The default value for the name of the DeploymentStrategy document will be
deployment-strategy
.
Drydock Changes¶
API and CLI¶
- A new API needs to be provided that accepts a node filter (i.e. selector, above) and returns a list of node names that result from analysis of the design. Input to this API will also need to include a design reference.
- Drydock needs to provide a “tree” output of tasks rooted at the requested parent task. This will provide the needed success/failure status for nodes that have been prepared/deployed.
Documentation¶
Drydock documentation will be updated to match the introduction of new APIs
Shipyard Changes¶
API and CLI¶
- The commit configdocs api will need to be enhanced to look up the DeploymentStrategy by using the DeploymentConfiguration.
- The DeploymentStrategy document will need to be validated to ensure there are no circular dependencies in the groups’ declared dependencies (perhaps NetworkX).
- A new API endpoint (and matching CLI) is desired to retrieve the status of nodes as known to Drydock/MAAS and their MAAS status. The existing node list API in Drydock provides a JSON output that can be utilized for this purpose.
Workflow¶
The deploy_site and update_site workflows will be modified to utilize the DeploymentStrategy.
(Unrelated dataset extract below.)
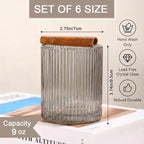 Physkoa Grey Ribbed Drinking Glasses Set of 6 – 9oz Vintage Smoke Grey Glassware, Embossed Ribbed Tumbler Cups for Juice, Water, Cocktail, Iced Coffee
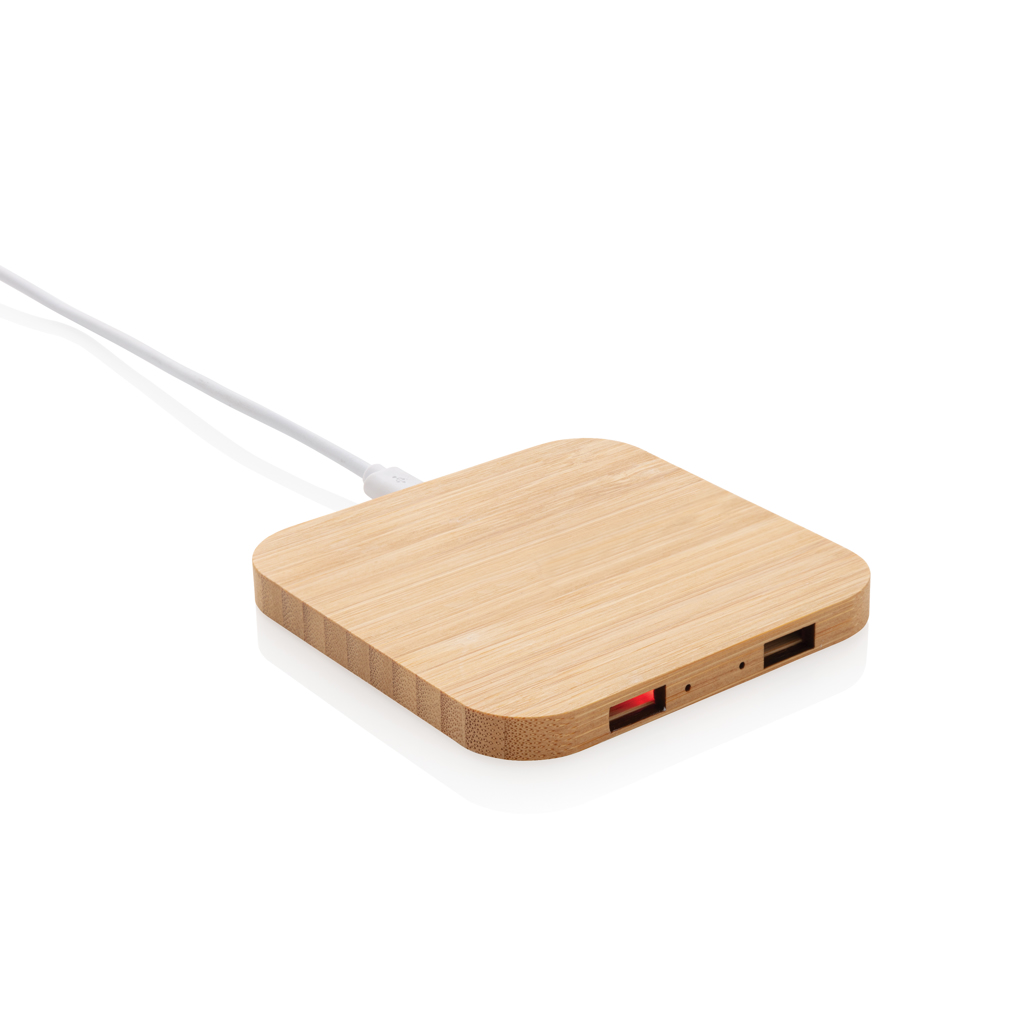 XD Collection Bamboo 5W wireless charger with USB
- The deployment configuration step will be enhanced to also read the deployment strategy and pass the information on a new xcom for use by the baremetal nodes step (see below)
- The prepare nodes and deploy nodes steps will be combined to perform both as
part of the resolution of an overall
baremetal nodes
step. The baremetal nodes step will introduce functionality that reads in the deployment strategy (from the prior xcom), and can orchestrate the calls to Drydock to enact the grouping, ordering and success evaluation. Note that Drydock will serialize tasks; there is no parallelization of prepare/deploy at this time.
- function to formulate the ordered groups based on dependencies (perhaps NetworkX)
- function to evaluate success/failure against the success criteria for a group based on the result list of succeeded or failed nodes.
- function to mark groups as success or failure (including failed due to dependency failure), as well as keep track of the (if any) successful and failed nodes.
- function to get a group that is ready to execute, or ‘Done’ when all groups are either complete or failed.
- function to formulate the node filter for Drydock based on a group’s selectors
- function to orchestrate processing groups, moving to the next group (or being done) when a prior group completes or fails.
- function to summarize the success/failed nodes for a group (primarily for reporting to the logs at this time).
The baremetal nodes step (preparation and deployment of nodes) will proceed as follows:
- Each group’s selector will be sent to Drydock to determine the list of
nodes that are a part of that group.
- An overall status will be kept for each unique node (not started | prepared | success | failure).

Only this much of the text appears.